RECORDED INFORMATION:
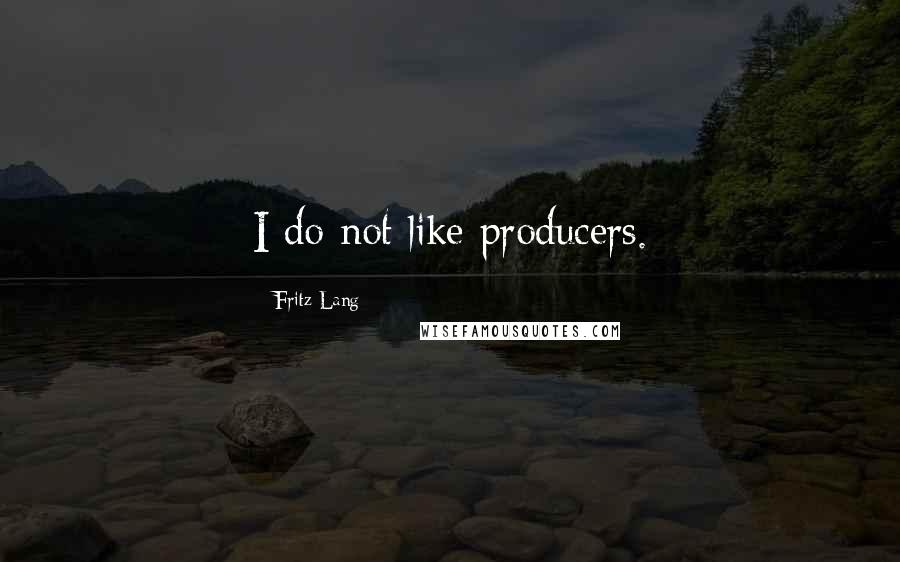 Fritz Lang Quotes: I do not like producers.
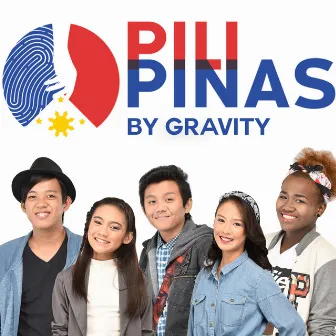 Pili Pinas by Gravity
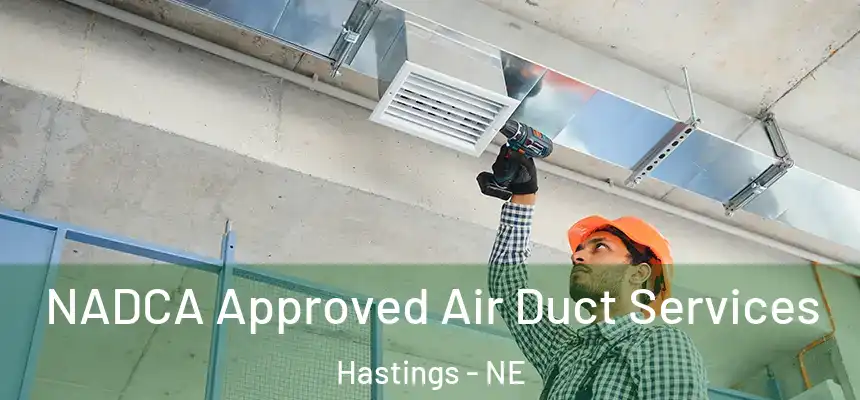 NADCA Approved Air Duct Services Hastings - NE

WHAT IS NEEDED:
Would you retype all the lines shown above, exactly as written and without any picture?

ANSWER SECTION:
 Fritz Lang Quotes: I do not like producers.
 Pili Pinas by Gravity
 NADCA Approved Air Duct Services Hastings - NE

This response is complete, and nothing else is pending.